International career
- Years: Team / Apps / (Points)
- 1998–2008: India

Coaching career
- Years: Team
- 2007: Iran

= Emil Vartazarian =

Armenian-Iranian rugby football and association football player (born 1976)

Emil Vartazarian is an Armenian-Iranian retired rugby and association football player who played for the India national rugby union team from 1998 to 2006. He has also played professional football for Bengal Mumbai FC in the Mumbai Super Division League alongside Mohammedan Sporting in the Calcutta Football League.

==Club career==
Vartazarian came here from Tehran in 1987 when he was 10, as many Armenians do. They come to study at the Armenian College (Kolkata) and Philanthropic Academy of Calcutta.

Besides Rugby, Vartazarian was also good enough in association football and played for Jamshid Nassiri managed Bengal Mumbai FC in the MDFA Elite League from 2003 to 2004. He previously played for Kolkata-based Mohammedan Sporting in 2001–02 season, after graduating in film studies from St. Xavier's College.

==Coaching career==
- Technical Director: Tamil Nadu rugby team (2008)
- Head Coach : Iran national rugby union team (2007)

==Achievements==

Vartazarian played rugby for his college team from 1991 until 1995. Vartazarian had to stop as the college team did not have a team for school students one year under the age of 19. As a result of this he started to play for the Armenian Soccer Club from 1993 to 2001.

The last time, during representing his prestigious Armenian team, Vartazarian was a part of the squad that won the All India Beach 7 a-side rugby in Chennai, in 2001. He was a regular member in the Indian national rugby team which was established in 1998.

==Managerial career==
By profession, Vartazarian was the Technical Director for the South Indian Rugby Football Association (SIRFA). In addition to this, he was also a key player in the Chennai state team (Chennai Cheetahs) and coach of both the Chennai team and the Tamil Nadu Police state team. He was also the assistant coach for the Indian under-19 Rugby team. With him as a player and coach, the Chennai Cheetahs won the All-Indian Beach Seven a side tournament in Chennai in 2003, went up to the semi-finals in the all India tournament in 2002 as well as 2003, won the National Cup in 2004, lost the finals in 2005 and once again brought home the cup in 2006. They have also won the South India 'Ten a side' tournament in 2007 and 'All India Sevens' in 2005.

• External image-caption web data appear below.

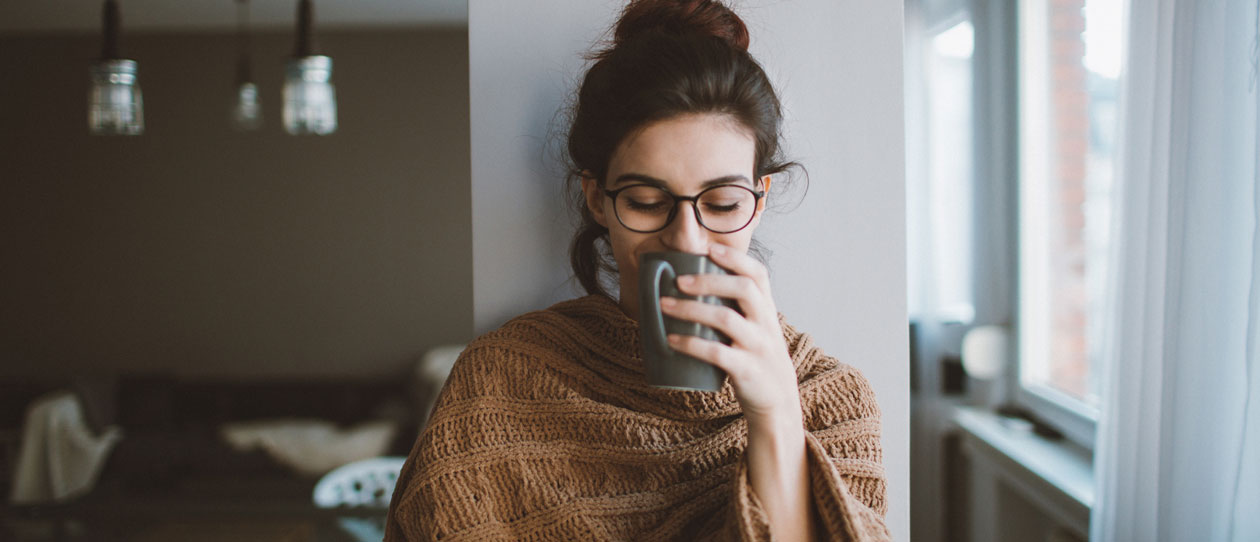  Young woman drinking her first cup of coffee early in the morning, enjoying her space and her freedom covered up in a blanket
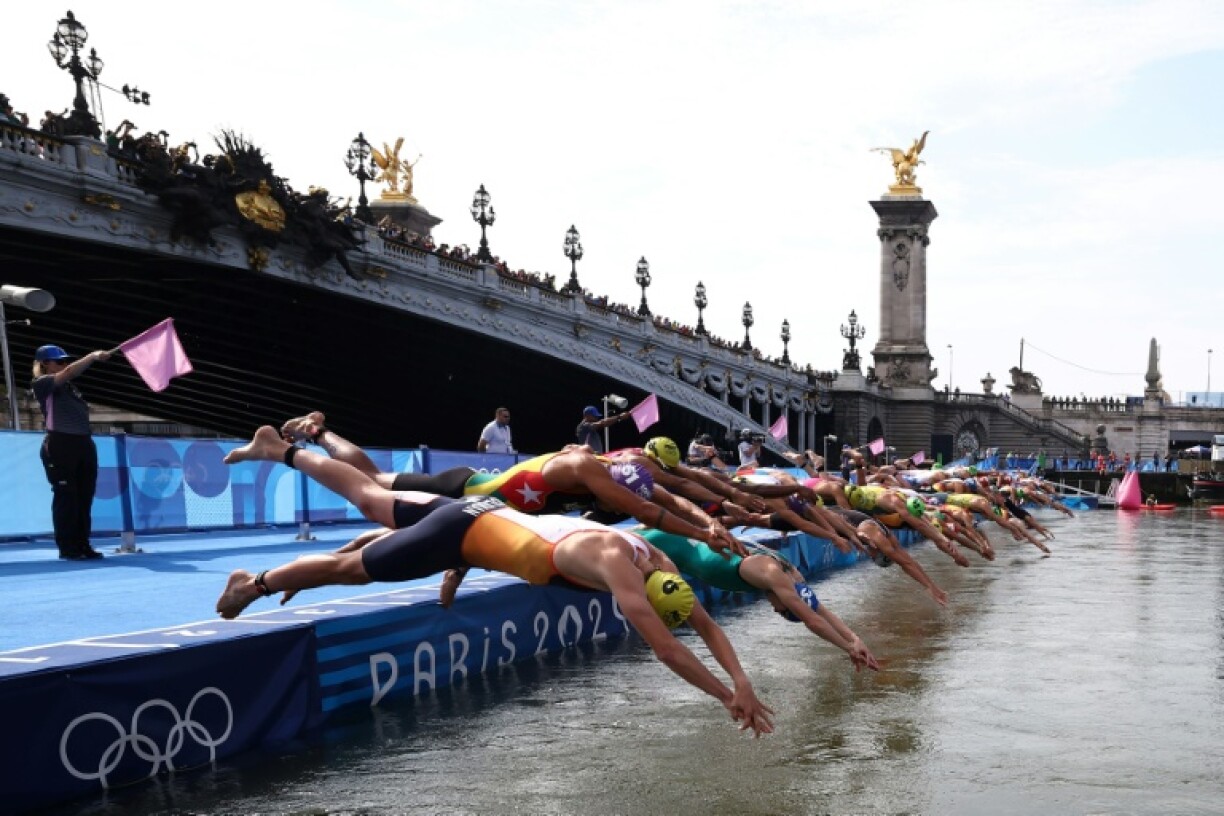 Athletes dive into the Seine during the Paris 2024 Olympic Games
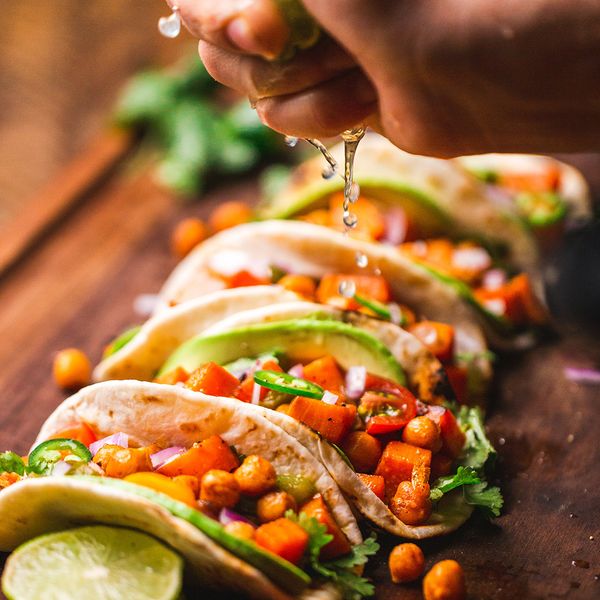 A lime being squeezed over freshly prepared street tacos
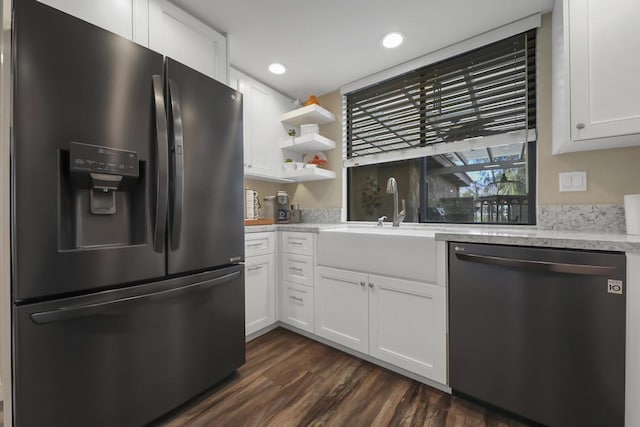 kitchen with white cabinetry, stainless steel fridge, and dishwasher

Vartazarian also managed the first Iranian national team, leading them to victory against Pakistan in a series of two test matches in 2007.

==Personal life==
Vartazarian has a degree in Film Studies from St. Xaviers College, Kolkata. Charismatic, good looking and superbly fit, he has appeared in commercials for Seven Up, Park Avenue and some energy drinks. His hobbies include rigorous gym work outs and cooking for his family and friends. He has interests in cinema and starting an ethnic Iranian-Indian cuisine restaurant. Vartazarian has also completed a Master's course in Sports Management in Australia, and currently resides in Melbourne, Victoria.